DATA SEGMENT ->
==================================================
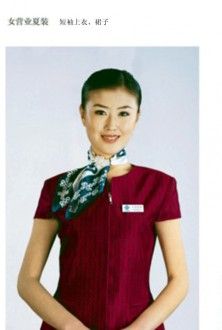 通信行業(yè)服_4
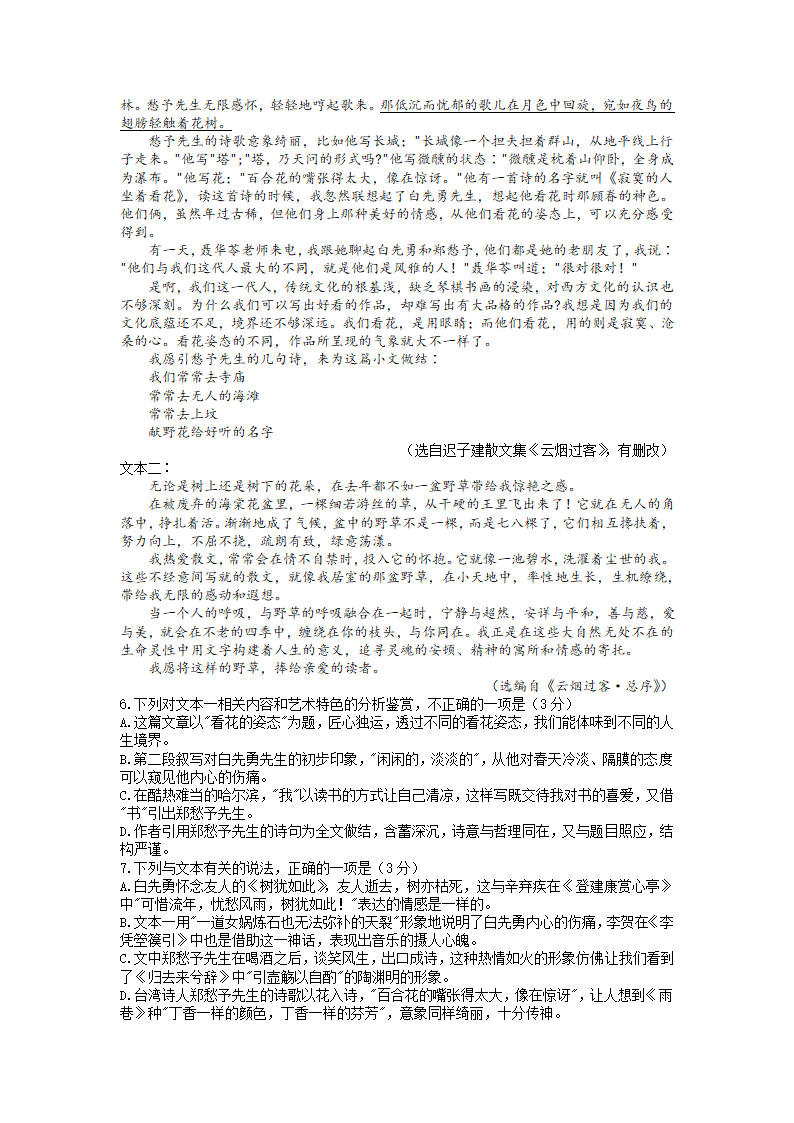 2022届高考语文复习模拟散文汇编 （含答案）.doc第50页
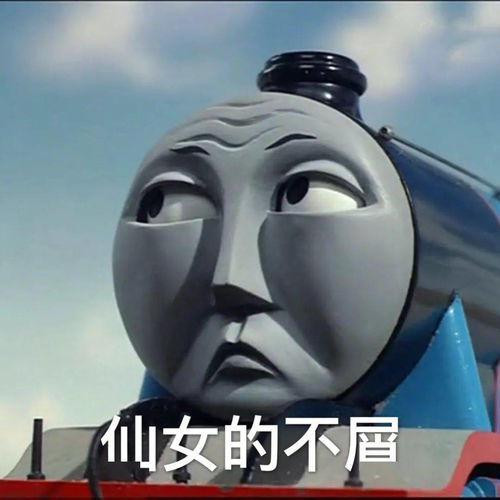 因为一部剧,我又失去一个朋友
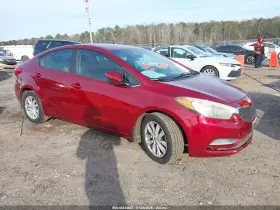 2014 Kia Forte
==================================================
Retype all the data exactly; skip the pictures.

 通信行業(yè)服_4
 2022届高考语文复习模拟散文汇编 （含答案）.doc第50页
 因为一部剧,我又失去一个朋友
 2014 Kia Forte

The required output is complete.